Data for this exercise Start Marker
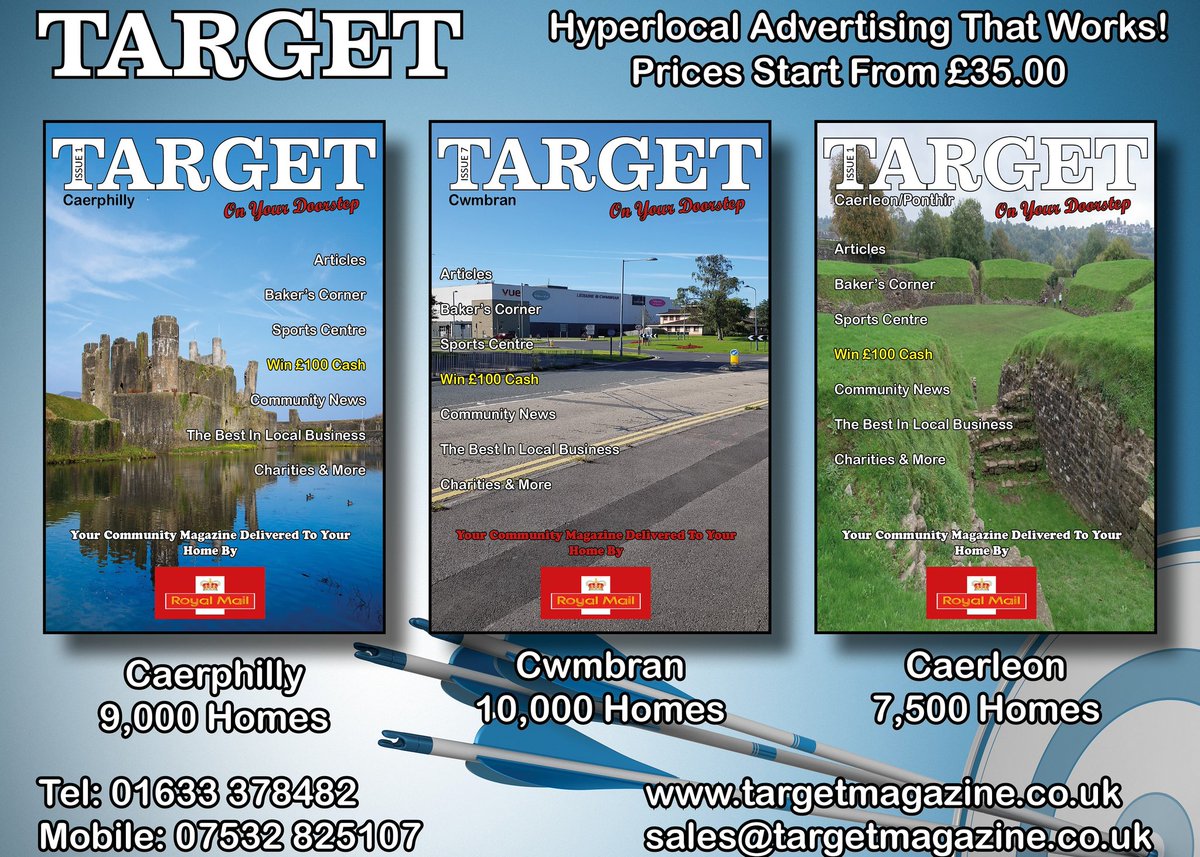 Promote your business in our beautifully designed magazine delivered to over 25,000 homes across South Wales. Discounts available for more than one magazine.
With Royal Mail delivery and prices starting from £35.00 Target gives you the most for your advertising budget.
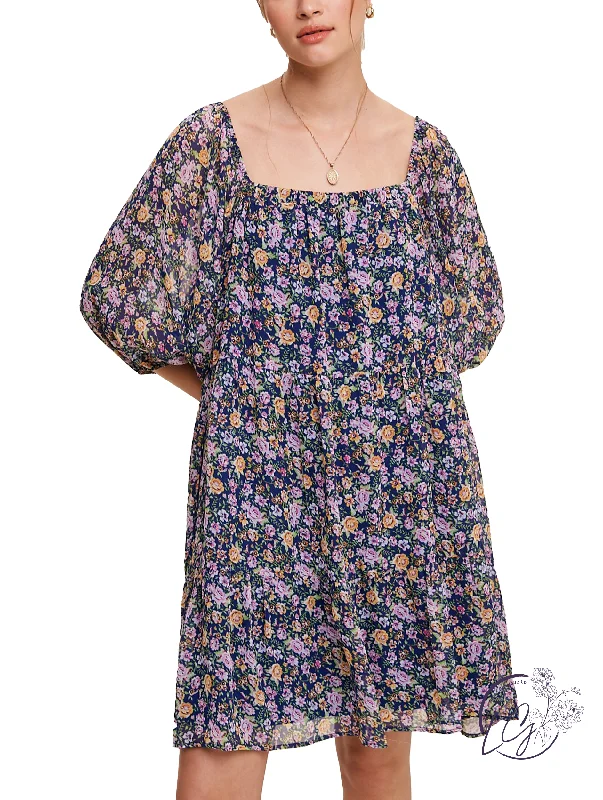 Deal Frenzy Groovy Garden Square Neck Dress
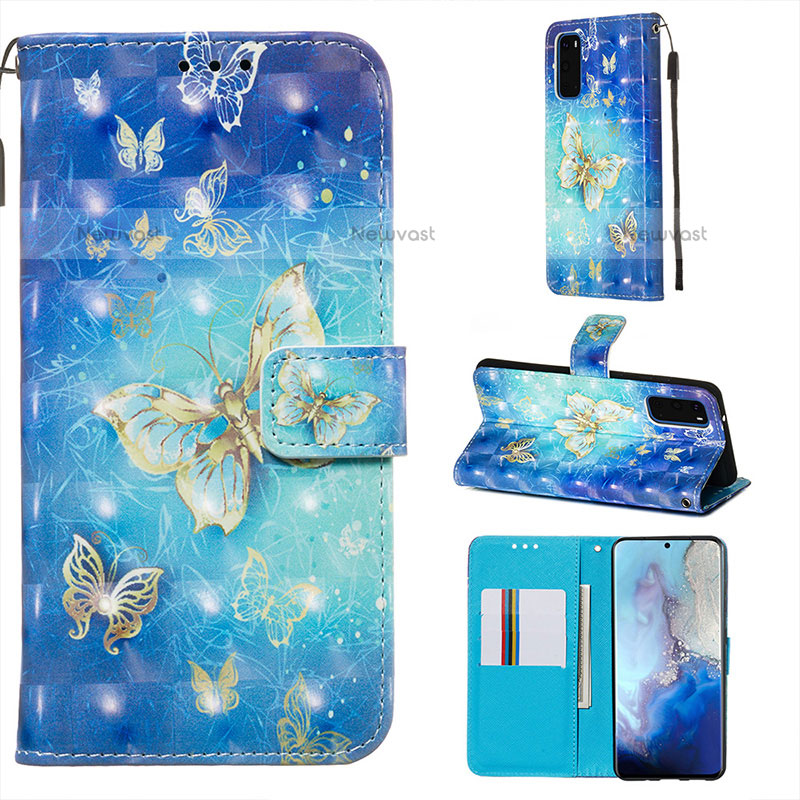 Leather Case Stands Fashionable Pattern Flip Cover Holder Y03B for Samsung Galaxy S20 5G Sky Blue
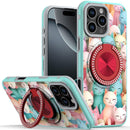 iPhone 16 Pro Max 6.9 inch Metal Diamond CD Pattern Design Matte Finished Hybrid with Rotational Ring [Car Mount Friendly] Case - Cats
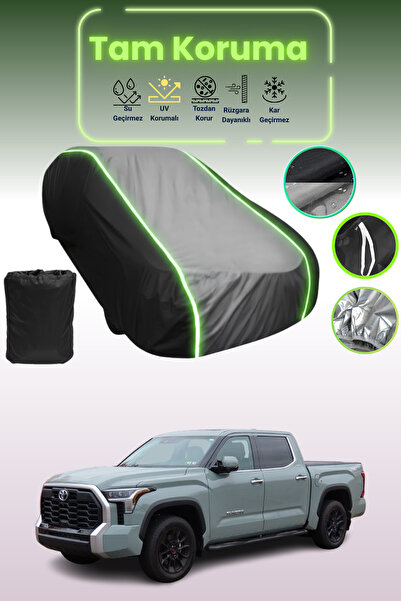 Dokaca Neo غطاء حماية متوافق مع سيارة تويوتا تندرا قماش مجدّل 3 كرو ماكس ذات السرير القياسي باللون الأسود_الرمادي_الأسود النيون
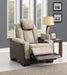 U78 - Power Reclining Chair With Power Headrest, Storage Arms / USB And Wireless Charger - Sand / Brown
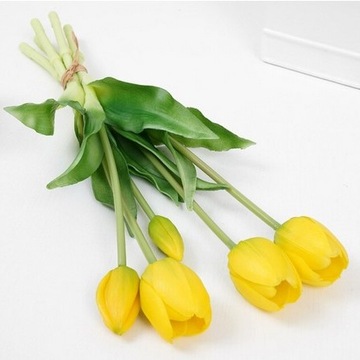 ТЮЛЬПАН ЖЕЛТЫЙ РЕЗИНОВЫЙ СИЛИКОНОВЫЙ ТЮЛЬПАНЫ КАК ЖИВОЙ ВЕСЕННИЙ БУКЕТ ELINEHOUSE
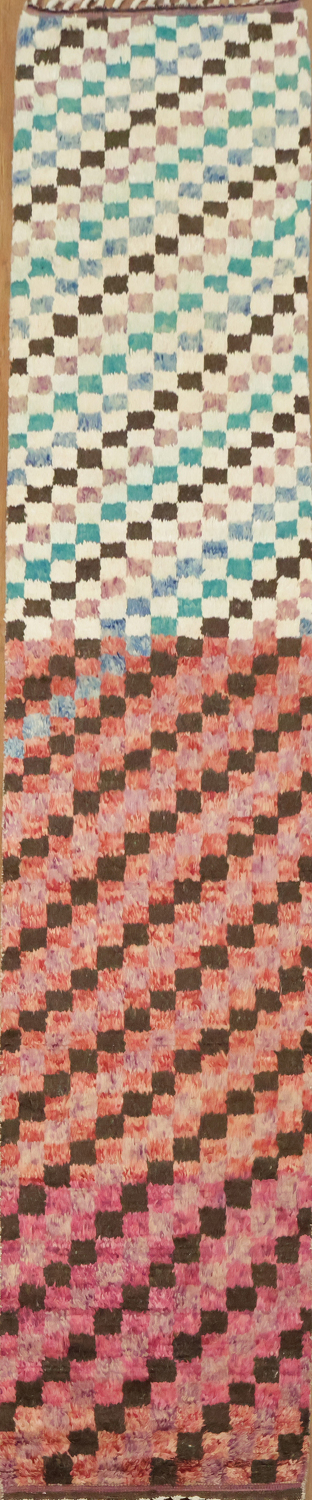 Checkered Moroccan Handmade Runner Rug 3x13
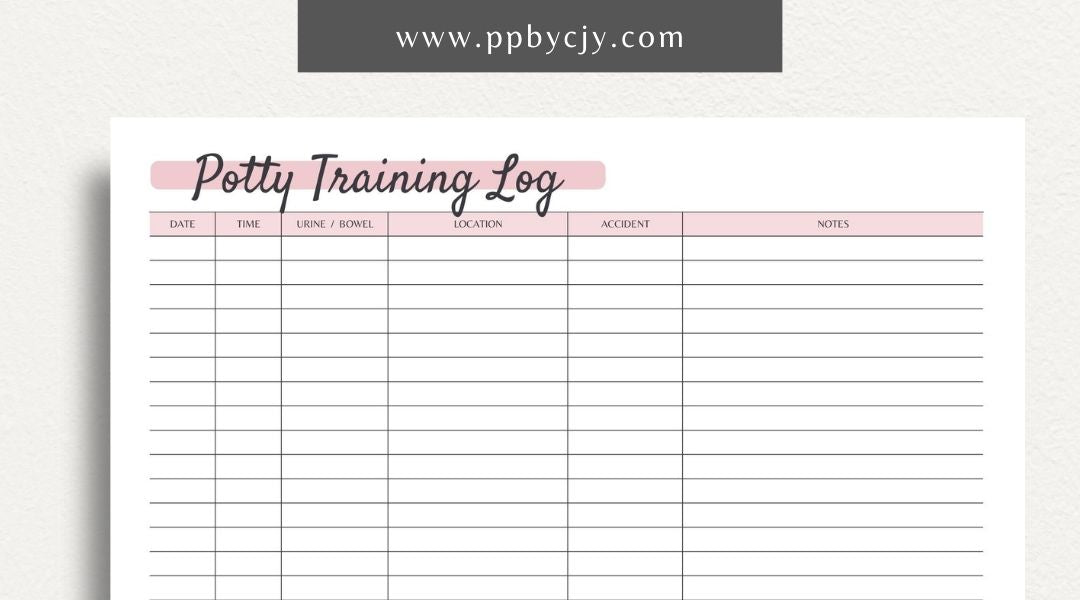 Puppy Potty Training Log Printable PDF Template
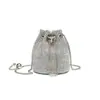 2026 Nuevo Bolso Cubo de Pedrería de Cristal Cadena de Lujo Ligero Bolso de Mano Totalmente Cubierto de Pedrería de Moda para Hombro Cruzado Bolso de Noche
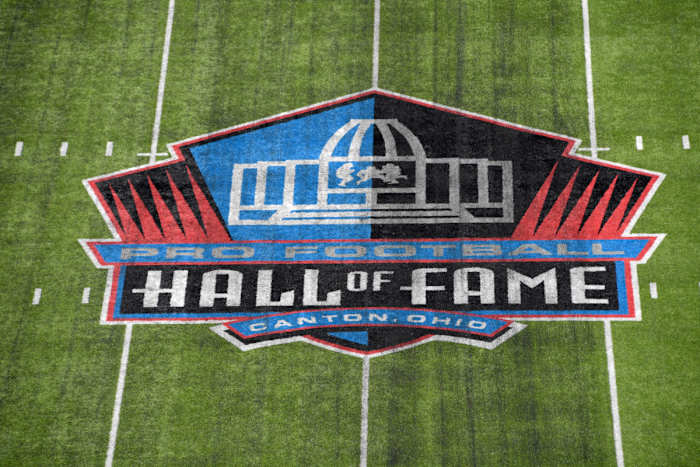 Pro Football Hall of Fame logo at the Tom Benson Hall of Fame Stadium, Canton, Ohio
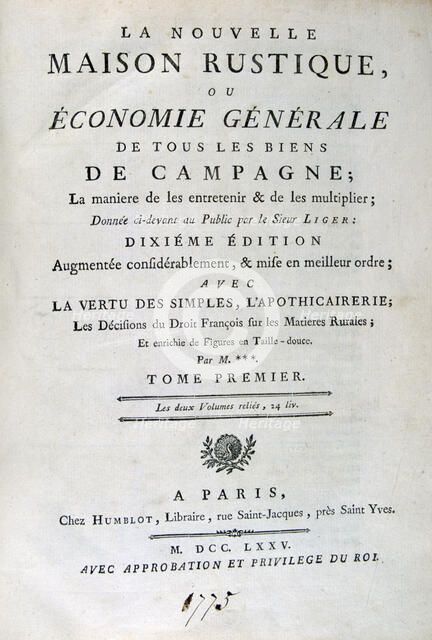Title page to La Nouvelle Maison Rustique, ou Economie Générale, 1775. Artist: Unknown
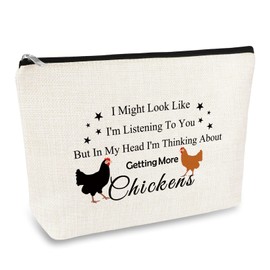 Chicken Lover Gift Chicken Makeup Bag Crazy Chicken Lady Gifts Travel Cosmetic Bag Chicken Themed Gifts for Women Animal Lover Gift for Girls Birthday Christmas Gifts for Daughter Sister Bestie Friend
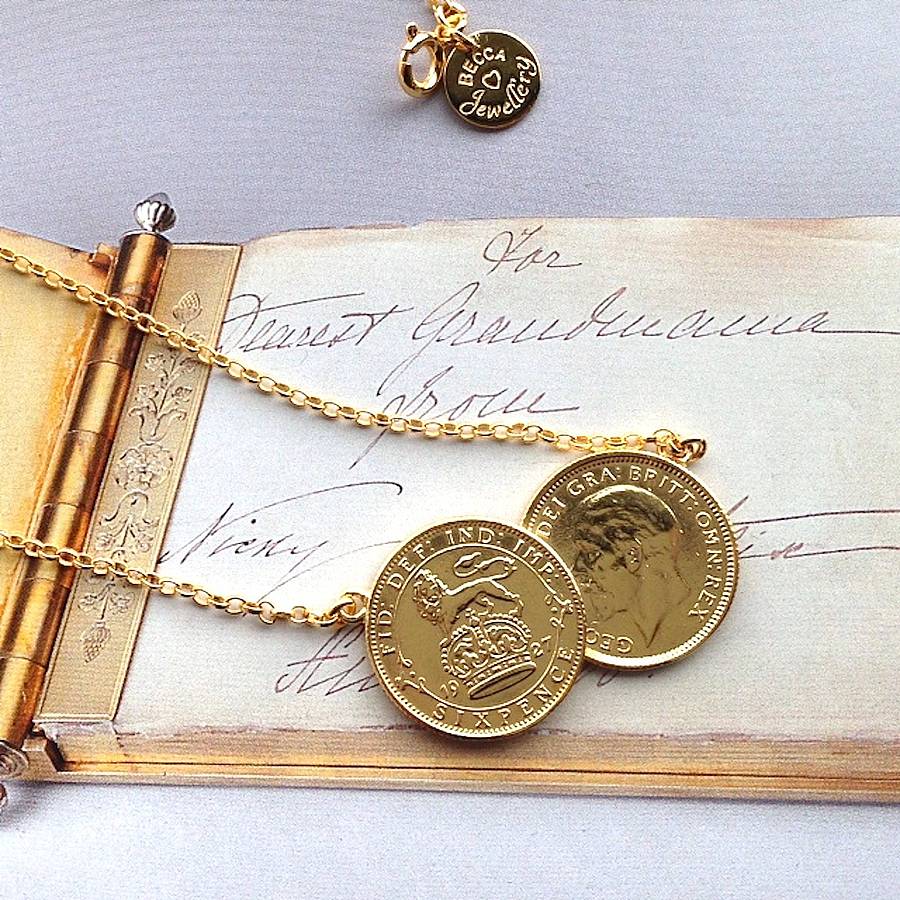 Double Sixpence Coin Necklace, 1 of 5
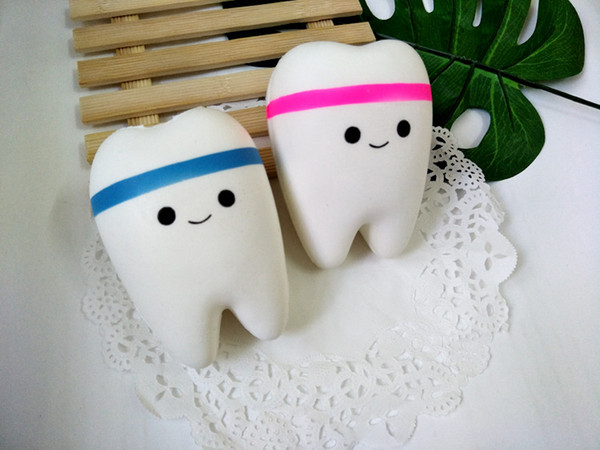 Wholesale 10.5cm Novelty Jumbo Squishy Tooth Slow Rising Kawaii Soft Squishies Squeeze Cute Cell Phone Strap Toys Kids Baby Gift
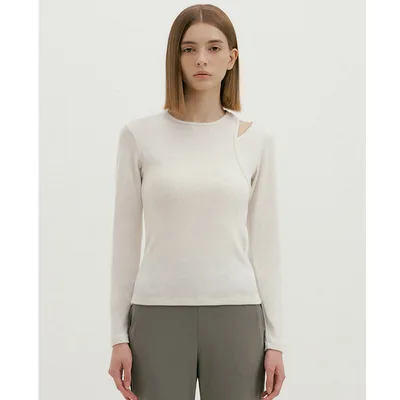 New Round Neck Long Sleeve Simple Solid Color Inner Wear Workout Top White - Shop at LoveMi
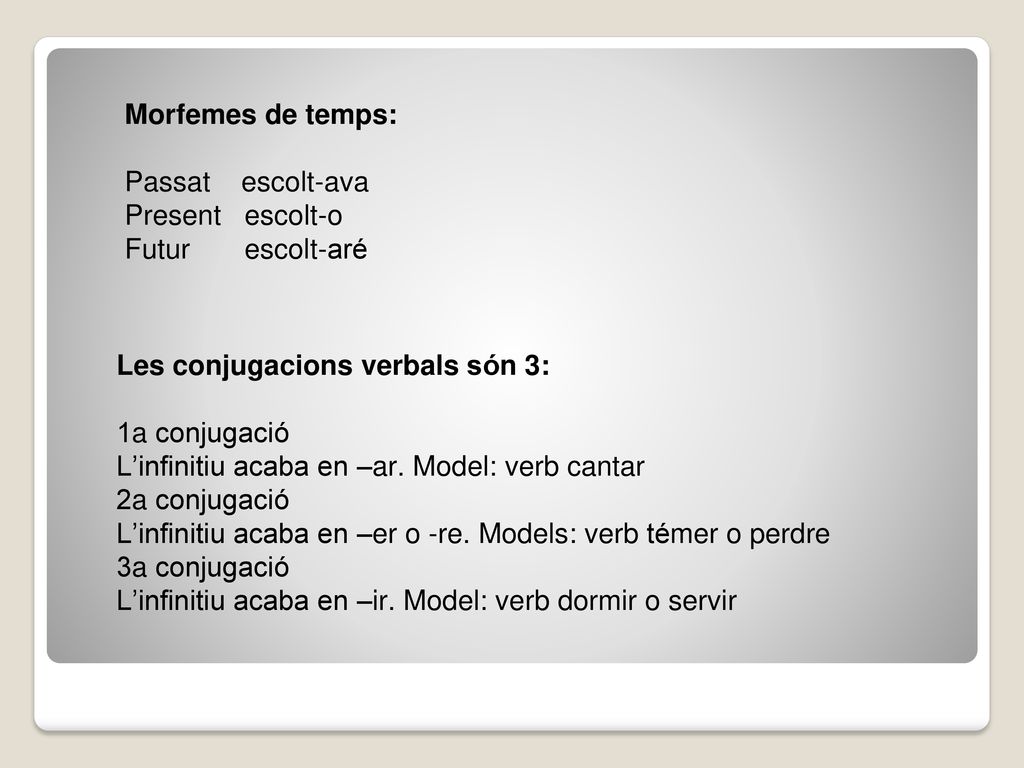 Morfemes de temps: Passat escolt-ava. Present escolt-o. Futur escolt-aré. Les conjugacions verbals són 3:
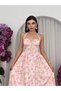 Women's Pink Midi Dress Floral Patterned Halter Neck Lace Detailed Gathered Dress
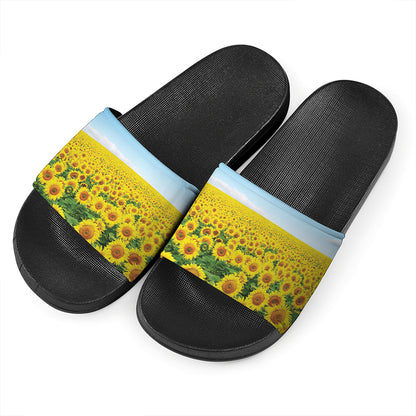 Sunflower Field Print Black Slide Sandals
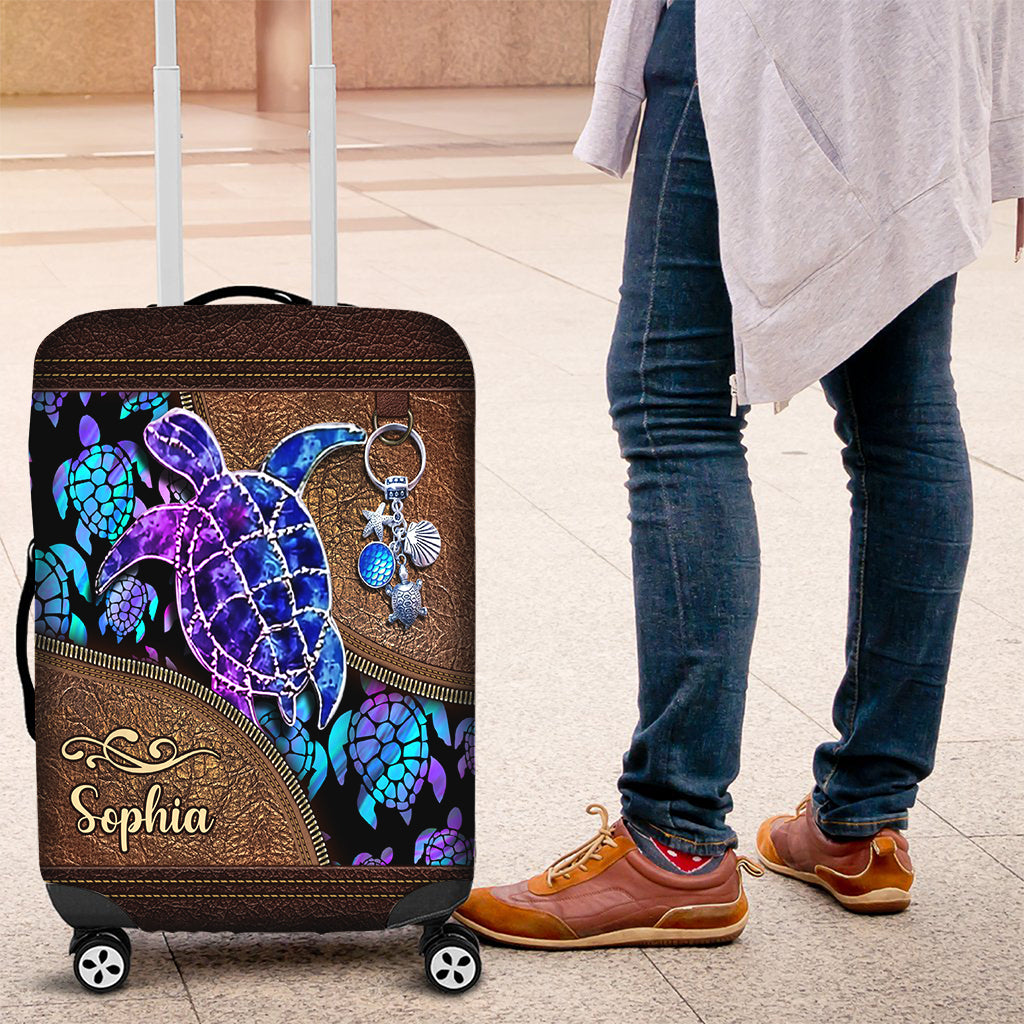 Salty Lil' Beach - Personalized Turtle Luggage Cover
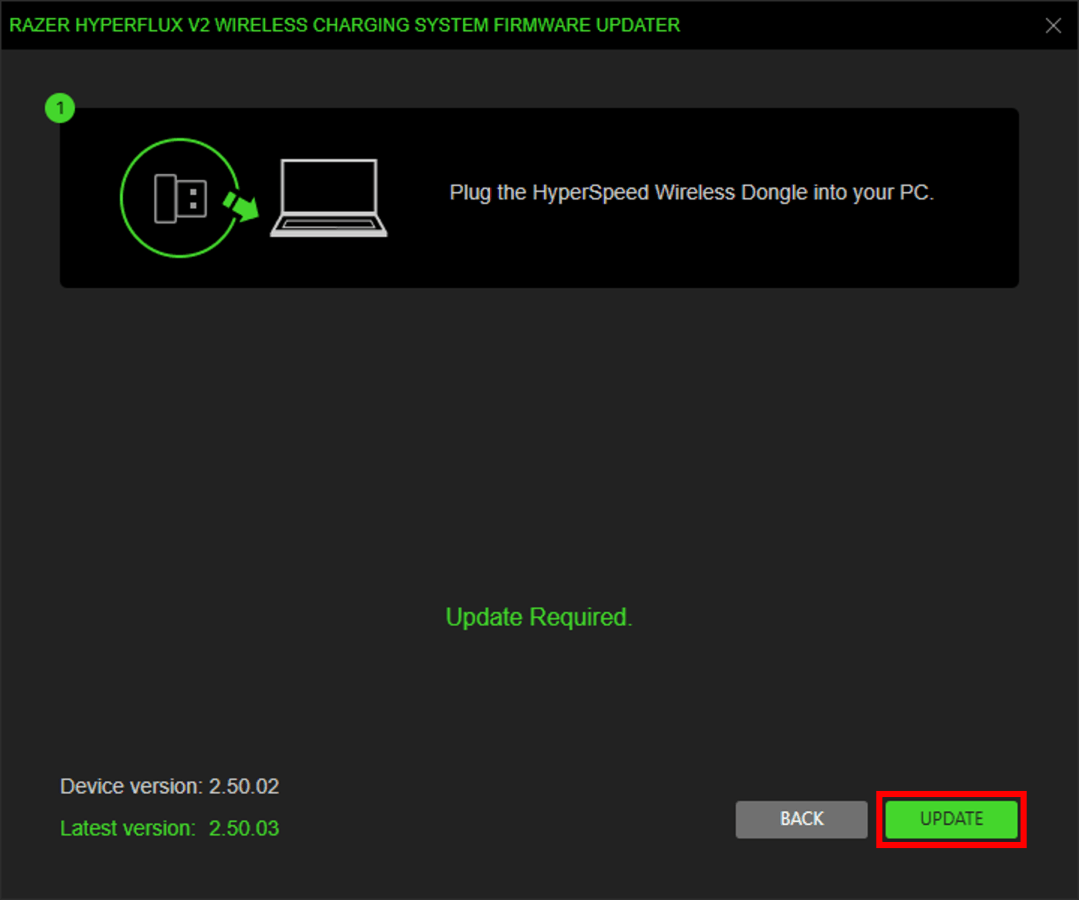 Connect the dongle to PC on-screen instruction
Data for this exercise End Marker
Output exactly the lines from the one containing "Puppy Potty Training" through the last line of the records above, both included, leaving out any pictures.

Written answer ::
 Puppy Potty Training Log Printable PDF Template
 2026 Nuevo Bolso Cubo de Pedrería de Cristal Cadena de Lujo Ligero Bolso de Mano Totalmente Cubierto de Pedrería de Moda para Hombro Cruzado Bolso de Noche
 Pro Football Hall of Fame logo at the Tom Benson Hall of Fame Stadium, Canton, Ohio
Title page to La Nouvelle Maison Rustique, ou Economie Générale, 1775. Artist: Unknown
 Chicken Lover Gift Chicken Makeup Bag Crazy Chicken Lady Gifts Travel Cosmetic Bag Chicken Themed Gifts for Women Animal Lover Gift for Girls Birthday Christmas Gifts for Daughter Sister Bestie Friend
 Double Sixpence Coin Necklace, 1 of 5
 Wholesale 10.5cm Novelty Jumbo Squishy Tooth Slow Rising Kawaii Soft Squishies Squeeze Cute Cell Phone Strap Toys Kids Baby Gift
 New Round Neck Long Sleeve Simple Solid Color Inner Wear Workout Top White - Shop at LoveMi
 Morfemes de temps: Passat escolt-ava. Present escolt-o. Futur escolt-aré. Les conjugacions verbals són 3:
 Women's Pink Midi Dress Floral Patterned Halter Neck Lace Detailed Gathered Dress
 Sunflower Field Print Black Slide Sandals
 Salty Lil' Beach - Personalized Turtle Luggage Cover
 Connect the dongle to PC on-screen instruction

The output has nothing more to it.